PROBLEM DESCRIPTION:
An unchanged copy of every record below, without pictures, is the goal.

SOURCE DATA:

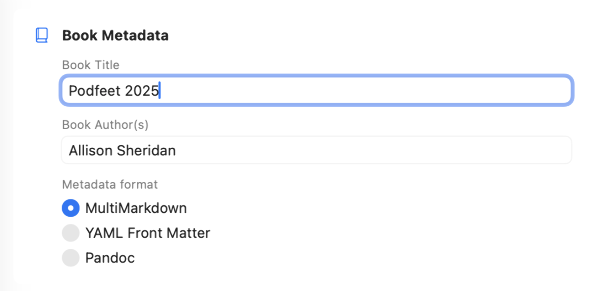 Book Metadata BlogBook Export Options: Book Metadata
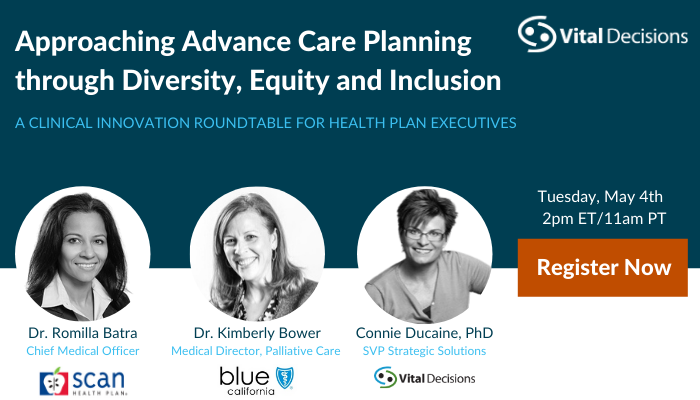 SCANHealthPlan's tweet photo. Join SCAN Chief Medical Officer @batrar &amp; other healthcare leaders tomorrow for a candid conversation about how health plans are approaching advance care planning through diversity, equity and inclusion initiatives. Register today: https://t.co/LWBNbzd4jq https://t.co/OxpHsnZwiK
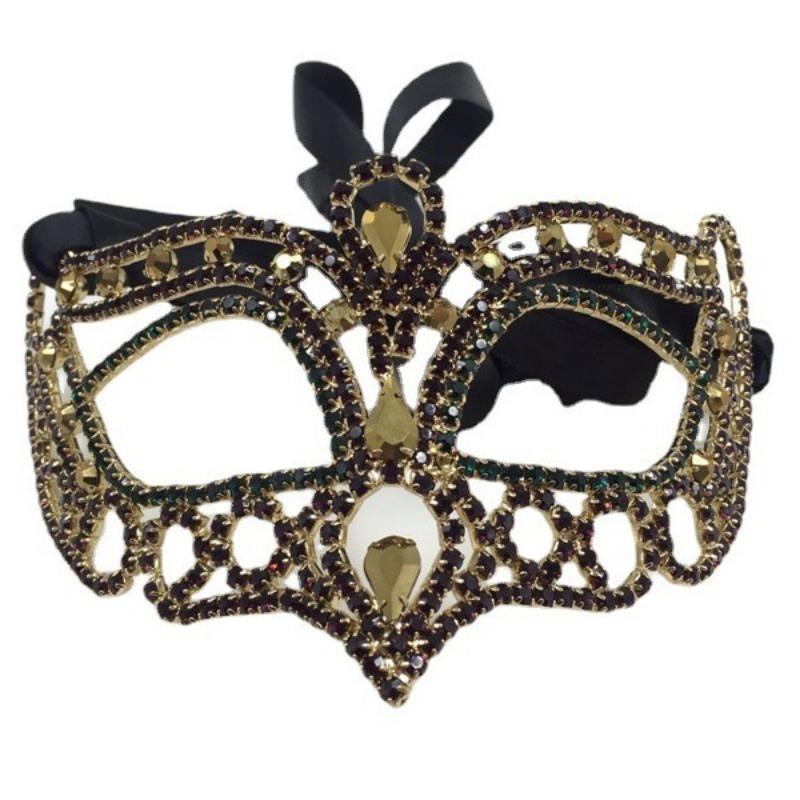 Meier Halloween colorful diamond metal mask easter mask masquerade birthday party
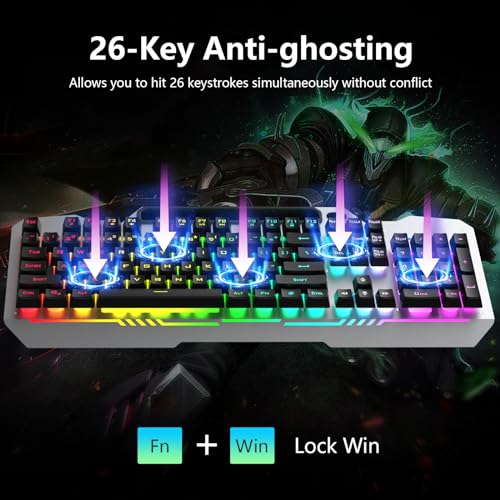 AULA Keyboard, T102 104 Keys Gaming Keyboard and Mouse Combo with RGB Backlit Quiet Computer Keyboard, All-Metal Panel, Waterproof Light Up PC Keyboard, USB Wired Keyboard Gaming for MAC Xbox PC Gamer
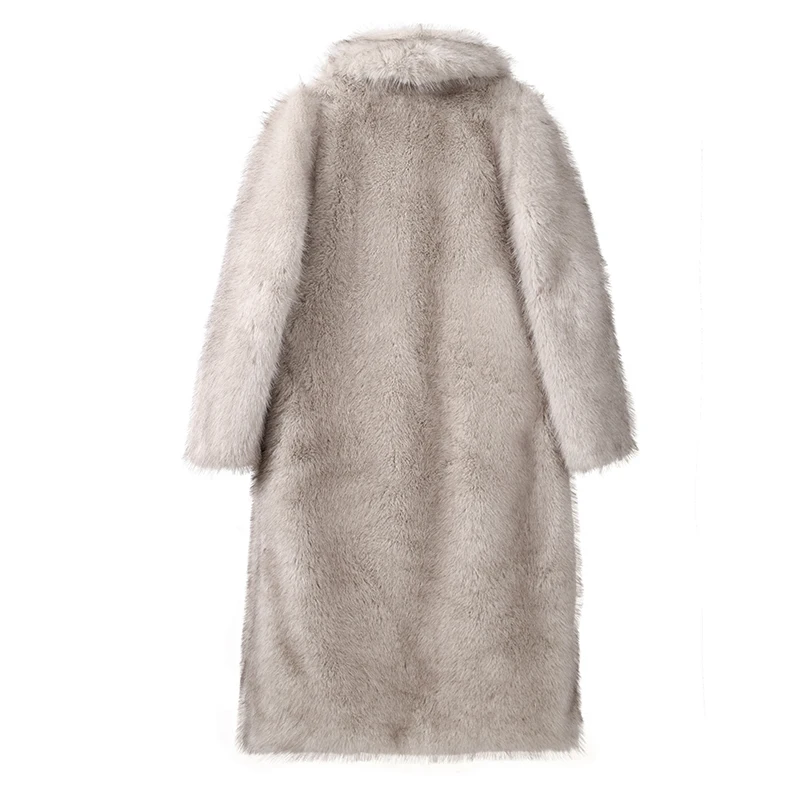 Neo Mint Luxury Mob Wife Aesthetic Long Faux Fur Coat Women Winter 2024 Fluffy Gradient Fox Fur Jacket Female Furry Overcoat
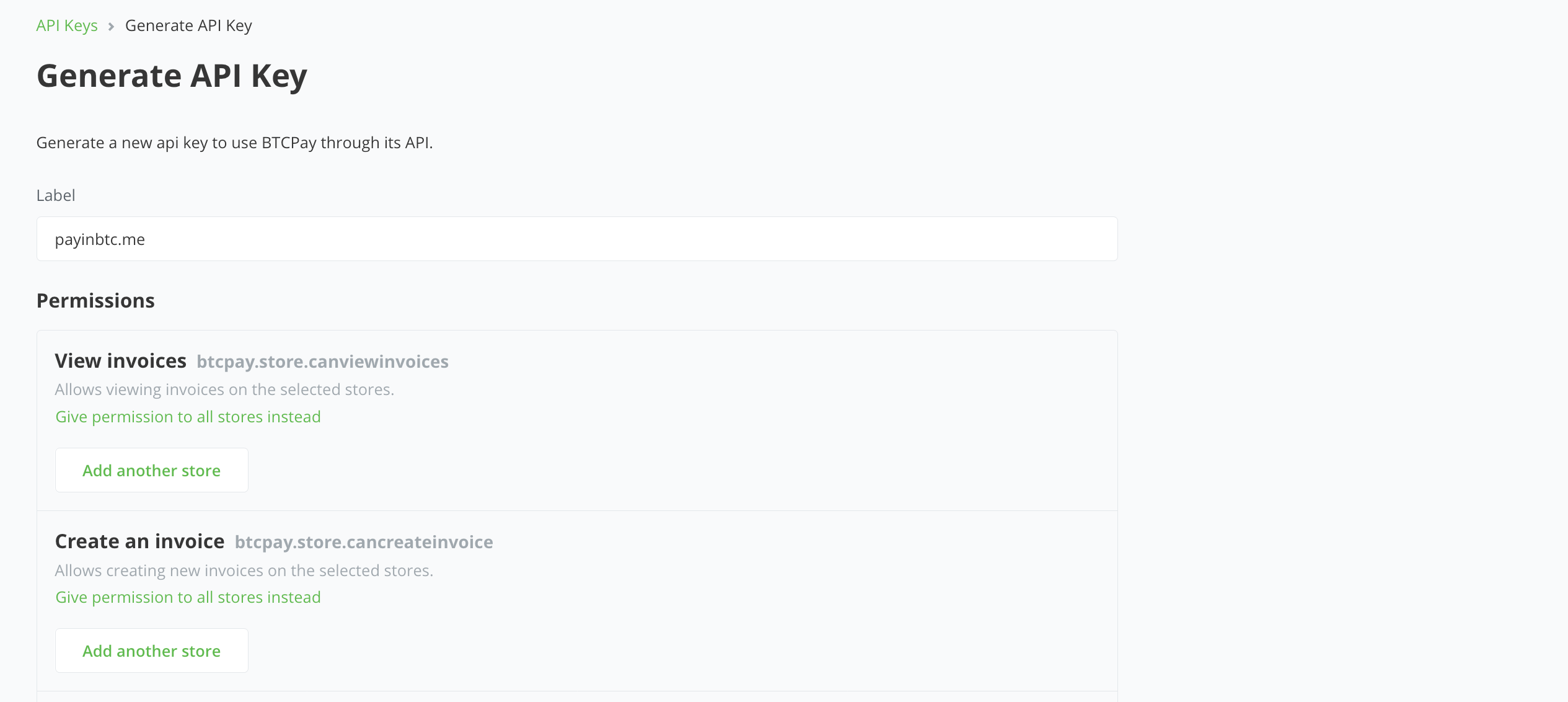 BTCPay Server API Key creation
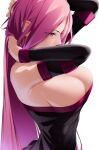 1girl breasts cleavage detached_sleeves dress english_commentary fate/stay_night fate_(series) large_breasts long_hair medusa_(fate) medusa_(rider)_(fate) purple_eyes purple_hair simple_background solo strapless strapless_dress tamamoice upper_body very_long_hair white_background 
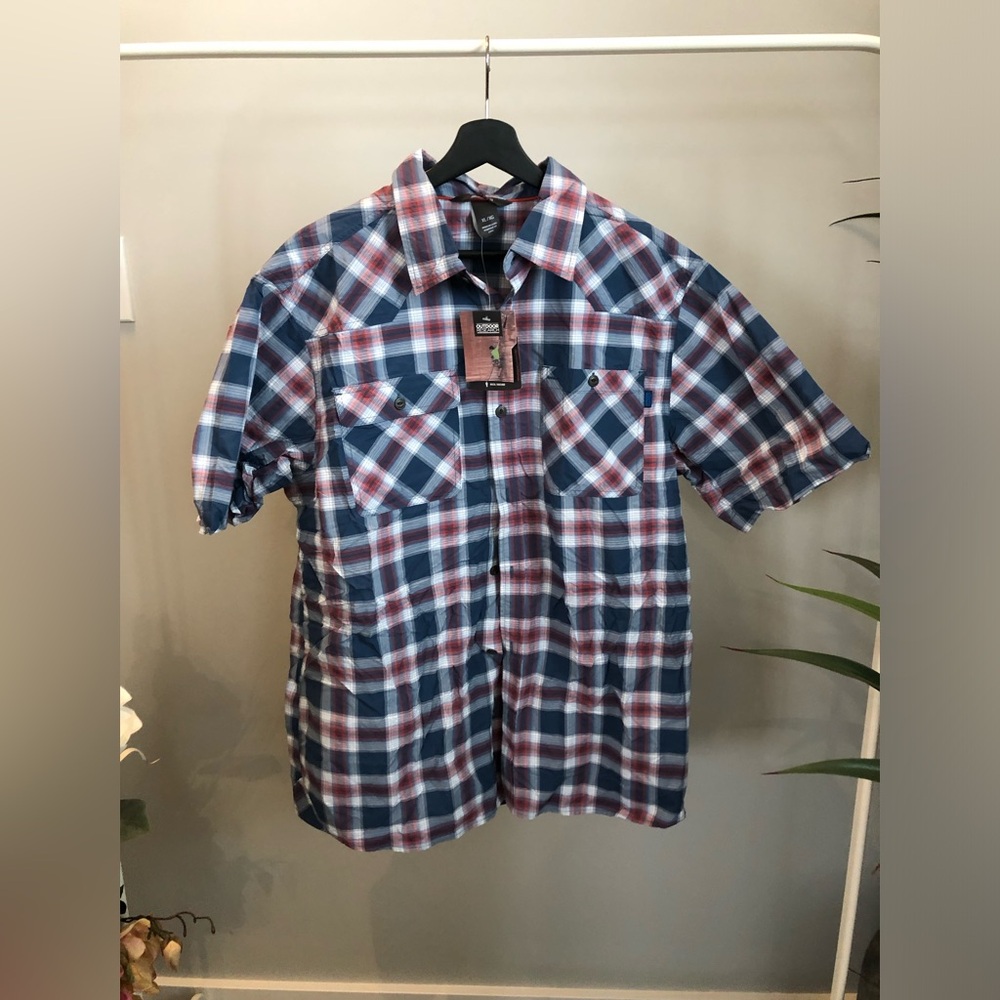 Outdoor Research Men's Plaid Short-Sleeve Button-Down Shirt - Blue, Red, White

RESULT FOR THIS TASK:
 Book Metadata BlogBook Export Options: Book Metadata
 SCANHealthPlan's tweet photo. Join SCAN Chief Medical Officer @batrar &amp; other healthcare leaders tomorrow for a candid conversation about how health plans are approaching advance care planning through diversity, equity and inclusion initiatives. Register today: https://t.co/LWBNbzd4jq https://t.co/OxpHsnZwiK
 Meier Halloween colorful diamond metal mask easter mask masquerade birthday party
 AULA Keyboard, T102 104 Keys Gaming Keyboard and Mouse Combo with RGB Backlit Quiet Computer Keyboard, All-Metal Panel, Waterproof Light Up PC Keyboard, USB Wired Keyboard Gaming for MAC Xbox PC Gamer
 Neo Mint Luxury Mob Wife Aesthetic Long Faux Fur Coat Women Winter 2024 Fluffy Gradient Fox Fur Jacket Female Furry Overcoat
 BTCPay Server API Key creation
 1girl breasts cleavage detached_sleeves dress english_commentary fate/stay_night fate_(series) large_breasts long_hair medusa_(fate) medusa_(rider)_(fate) purple_eyes purple_hair simple_background solo strapless strapless_dress tamamoice upper_body very_long_hair white_background 
 Outdoor Research Men's Plaid Short-Sleeve Button-Down Shirt - Blue, Red, White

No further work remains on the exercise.